How well these investments pay off in the long run depends on whether the trends hold.
"We think there is unmet demand for luxury hotel product such as the St. Regis," said Douglas Greene, a managing member of Haberhill, a Potomac investment firm that is a partner in the St. Regis. "Do we think there is endless demand and upside for the rest of the market? The answer is no."
For now, hotels are refurbishing everything from the carpets on their floors to the pipes in their walls. The Jefferson will uncover its lobby skylight for the first time in decades, allowing the original, barrel-vaulted ceiling to reflect natural light into the entry and registration areas. The St. Regis makeover, which owners hope will preserve its clubby, high-ceilinged corner bar, includes buying an adjacent townhouse to contain a slick new fitness center. Hotels whose history was a key part of their charm are getting modern upgrades -- heating systems that can vary the temperature from room to room, central air, Internet hookups, snazzy bathrooms. And prices are going up: When it reopens this fall, the St. Regis will charge $650 for a standard room, up $100 from its pre-renovation price.
Meanwhile, some hotel owners, including private-equity funds, are taking the current bull market as an opportunity to cash out. Two years ago, Thayer Lodging Group, a private-equity fund headed by Frederic V. Malek, sold its 1,300-room Marriott Wardman Park Hotel at Connecticut Avenue and Woodley Road NW to JBG Cos. for $302 million, up from the $210 million the company had paid six years earlier. JBG is investing in the hotel and adding residences.

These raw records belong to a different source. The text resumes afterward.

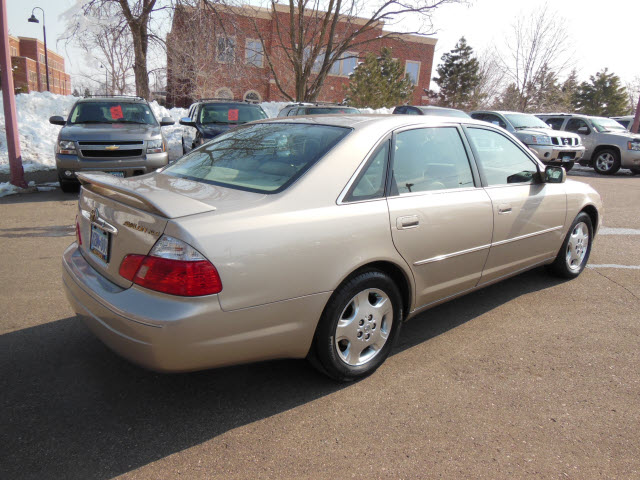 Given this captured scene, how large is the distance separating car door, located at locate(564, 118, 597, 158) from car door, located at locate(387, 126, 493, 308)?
14.4 metres

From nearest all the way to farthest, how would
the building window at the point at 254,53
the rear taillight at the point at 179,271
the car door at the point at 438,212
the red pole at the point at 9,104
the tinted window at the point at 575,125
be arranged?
1. the rear taillight at the point at 179,271
2. the car door at the point at 438,212
3. the red pole at the point at 9,104
4. the tinted window at the point at 575,125
5. the building window at the point at 254,53

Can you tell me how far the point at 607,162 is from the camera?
606 inches

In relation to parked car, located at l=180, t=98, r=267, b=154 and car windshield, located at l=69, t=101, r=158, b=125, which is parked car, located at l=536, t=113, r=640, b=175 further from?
car windshield, located at l=69, t=101, r=158, b=125

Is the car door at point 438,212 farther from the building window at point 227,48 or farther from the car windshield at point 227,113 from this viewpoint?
the building window at point 227,48

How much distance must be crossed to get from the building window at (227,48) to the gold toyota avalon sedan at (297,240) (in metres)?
16.5

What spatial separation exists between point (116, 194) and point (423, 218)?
1.83 metres

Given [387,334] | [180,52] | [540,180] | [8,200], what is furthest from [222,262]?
[180,52]

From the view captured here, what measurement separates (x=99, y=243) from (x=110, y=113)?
7.72 m

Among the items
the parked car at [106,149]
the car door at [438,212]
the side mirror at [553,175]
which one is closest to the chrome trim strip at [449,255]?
the car door at [438,212]

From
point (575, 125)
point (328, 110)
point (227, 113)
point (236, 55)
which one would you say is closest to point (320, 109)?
point (328, 110)

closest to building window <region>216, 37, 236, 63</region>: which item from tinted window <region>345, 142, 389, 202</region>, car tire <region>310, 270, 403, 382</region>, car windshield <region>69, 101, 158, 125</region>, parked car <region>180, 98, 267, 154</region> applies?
parked car <region>180, 98, 267, 154</region>

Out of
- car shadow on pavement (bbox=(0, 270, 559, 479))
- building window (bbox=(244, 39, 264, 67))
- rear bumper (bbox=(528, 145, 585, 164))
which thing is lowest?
car shadow on pavement (bbox=(0, 270, 559, 479))

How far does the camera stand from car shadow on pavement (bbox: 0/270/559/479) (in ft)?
7.38

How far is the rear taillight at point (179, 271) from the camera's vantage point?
7.16 feet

"We made two and a half times our equity," Malek said. "It's been a very frothy market if you are a seller." He added that JBG could expect to do well in this market.
The Hotel Washington, whose rooftop restaurant overlooks the White House grounds, was sold twice last year. In the spring, it was bought by Westbrook Partners, an investment group, for about $120 million from the Texas family that had owned it for decades. Barely six months later, with hotel prices soaring, Westbrook flipped the property, selling it to the royal family of Dubai, United Arab Emirates, for $150 million.

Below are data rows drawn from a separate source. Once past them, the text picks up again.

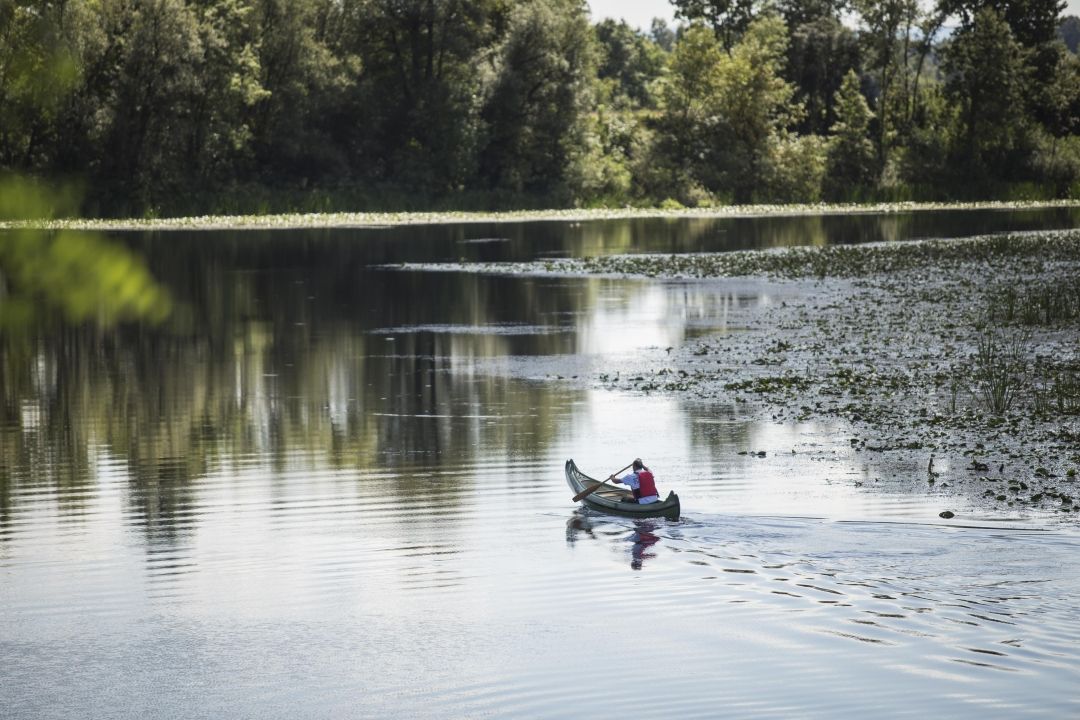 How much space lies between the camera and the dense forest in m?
103

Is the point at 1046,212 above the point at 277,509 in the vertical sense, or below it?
above

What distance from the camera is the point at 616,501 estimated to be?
810 inches

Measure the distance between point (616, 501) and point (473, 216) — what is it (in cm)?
9883

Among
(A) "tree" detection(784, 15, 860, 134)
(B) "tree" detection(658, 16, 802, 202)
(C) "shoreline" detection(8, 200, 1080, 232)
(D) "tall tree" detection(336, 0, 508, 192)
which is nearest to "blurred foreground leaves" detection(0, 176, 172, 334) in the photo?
(C) "shoreline" detection(8, 200, 1080, 232)

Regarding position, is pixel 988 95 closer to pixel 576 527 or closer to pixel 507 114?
pixel 507 114

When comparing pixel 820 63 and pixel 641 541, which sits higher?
pixel 820 63

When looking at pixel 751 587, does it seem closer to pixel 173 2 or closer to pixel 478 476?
pixel 478 476

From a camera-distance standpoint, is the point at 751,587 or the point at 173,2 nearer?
the point at 751,587

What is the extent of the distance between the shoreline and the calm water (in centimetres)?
6762

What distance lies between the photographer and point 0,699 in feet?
46.9

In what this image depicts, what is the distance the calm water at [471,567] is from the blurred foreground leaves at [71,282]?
45.2 ft

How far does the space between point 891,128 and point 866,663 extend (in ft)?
413

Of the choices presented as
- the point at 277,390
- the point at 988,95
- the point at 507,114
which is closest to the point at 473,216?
the point at 507,114

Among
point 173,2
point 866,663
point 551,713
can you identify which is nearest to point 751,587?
point 866,663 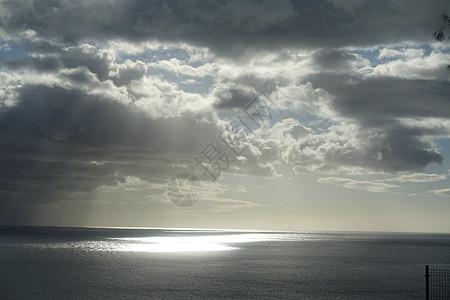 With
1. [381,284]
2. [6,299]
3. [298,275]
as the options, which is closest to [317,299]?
[381,284]

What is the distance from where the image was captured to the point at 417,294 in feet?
228

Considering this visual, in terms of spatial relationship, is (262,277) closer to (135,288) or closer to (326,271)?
(326,271)

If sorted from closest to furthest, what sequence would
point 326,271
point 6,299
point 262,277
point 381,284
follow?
point 6,299 → point 381,284 → point 262,277 → point 326,271

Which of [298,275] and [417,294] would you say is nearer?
[417,294]

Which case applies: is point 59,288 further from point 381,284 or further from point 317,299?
point 381,284

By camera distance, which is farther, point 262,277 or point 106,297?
point 262,277

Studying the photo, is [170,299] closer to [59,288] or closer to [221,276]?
[59,288]

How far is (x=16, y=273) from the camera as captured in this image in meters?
92.8

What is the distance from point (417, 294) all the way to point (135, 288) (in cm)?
4155

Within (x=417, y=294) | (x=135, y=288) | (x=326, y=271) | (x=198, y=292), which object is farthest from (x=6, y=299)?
(x=326, y=271)

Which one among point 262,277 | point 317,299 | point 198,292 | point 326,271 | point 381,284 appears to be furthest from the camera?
point 326,271

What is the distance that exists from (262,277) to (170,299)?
3344 cm

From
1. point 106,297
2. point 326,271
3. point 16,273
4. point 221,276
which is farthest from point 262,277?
point 16,273

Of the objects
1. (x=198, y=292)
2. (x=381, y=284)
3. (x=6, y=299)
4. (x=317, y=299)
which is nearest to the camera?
(x=6, y=299) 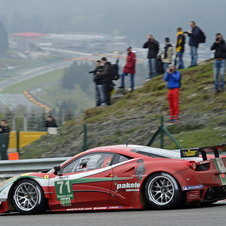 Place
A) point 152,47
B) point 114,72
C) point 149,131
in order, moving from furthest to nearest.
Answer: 1. point 152,47
2. point 114,72
3. point 149,131

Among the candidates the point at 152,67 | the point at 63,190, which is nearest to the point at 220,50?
the point at 152,67

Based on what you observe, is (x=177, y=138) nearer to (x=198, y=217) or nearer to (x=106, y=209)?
(x=106, y=209)

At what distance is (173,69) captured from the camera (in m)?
11.9

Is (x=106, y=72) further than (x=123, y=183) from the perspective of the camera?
Yes

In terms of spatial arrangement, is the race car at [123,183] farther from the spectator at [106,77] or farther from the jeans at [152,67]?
the jeans at [152,67]

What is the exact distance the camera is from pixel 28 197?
22.7 ft

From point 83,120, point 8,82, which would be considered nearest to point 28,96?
point 8,82

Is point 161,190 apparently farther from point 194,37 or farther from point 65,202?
point 194,37

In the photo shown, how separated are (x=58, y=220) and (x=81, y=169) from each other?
116 cm

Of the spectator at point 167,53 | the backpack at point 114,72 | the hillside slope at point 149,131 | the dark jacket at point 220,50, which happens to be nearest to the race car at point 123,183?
the hillside slope at point 149,131

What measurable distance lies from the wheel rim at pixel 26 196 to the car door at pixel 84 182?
1.11ft

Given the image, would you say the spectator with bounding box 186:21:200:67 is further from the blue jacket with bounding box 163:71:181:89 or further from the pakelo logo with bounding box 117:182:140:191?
the pakelo logo with bounding box 117:182:140:191

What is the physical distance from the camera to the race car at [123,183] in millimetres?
5848

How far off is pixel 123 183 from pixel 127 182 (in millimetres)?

Others are bullish and buying. Connecticut-based Rockwood Capital paid $250 million in March for the 660-room Mayflower. The Mayflower's seller, a venture capital group made up of Walton Street Capital, Rockpoint Group and SCS Advisors, had purchased the hotel in 2005.
The new owners are planning further remodeling on top of the $11 million that was done to the Mayflower's meeting rooms prior to Rockwood's purchase.